В являемом публике образе человека 60-х гг. все это уже отсутствовало, поскольку мир должен был верить, что в этих людях ампутация "я" была осуществлена с легкостью, без усилий. "Бог с ними, с эротическими вопросами, - писал тот же Чернышевский в своем разборе тургеневской "Аси", - не до них читателю нашего времени, занятому вопросами об административных и судебных улучшениях, о финансовых преобразованиях, об освобождении крестьян" [9].

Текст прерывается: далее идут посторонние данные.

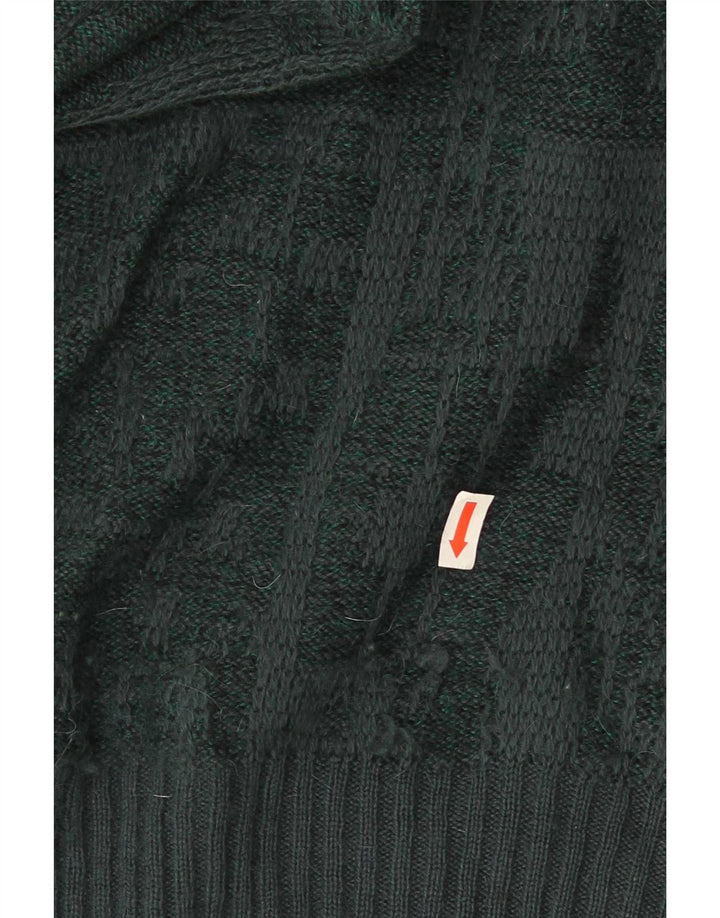 Maselli Herre Regular Fit Crew Neck Jumper Sweater Stor Grøn Geometrisk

Как замечает Руфус Мэтьюсон в своей книге о положительном герое, этот образ "нового человека" был в действительности столь же фальшив, как и армейские плакаты, которые вывешивают на почтах для вербовки рекрутов, и выполнял, в сущности, ту же функцию: увеличить набор в свои ряды [10]. Привлекательность мифа поддерживалась тем, что его пропагандисты верили в него как в абсолютную правду. Критики-радикалы настаивали, чтобы при изображении героев не было лжи; писатель обязан был руководствоваться только критериями "правды" и "типичности". Однако понималось это вполне в духе Гегеля: история представлялась радикалам как прямолинейный процесс, ведущий к полному освобождению человека через диалектический конфликт прогрессивных и реакционных сил. А от писателя ждали умения различать в этом конфликте "необходимое" и "значительное" от постороннего и несущественного, или, другими словами, находить и подчеркивать зарождающиеся тенденции и семена будущего, чтобы ускорить тем самым поступательный ход истории. В результате, указывает Мэтьюсон, правда, как ее определяли левые критики, выступала в виде некоего предсказания: писатель должен был быть кем-то вроде пророка; его оптимистические ожидания и диктовали, по сути дела, выбор его "реализма" [11].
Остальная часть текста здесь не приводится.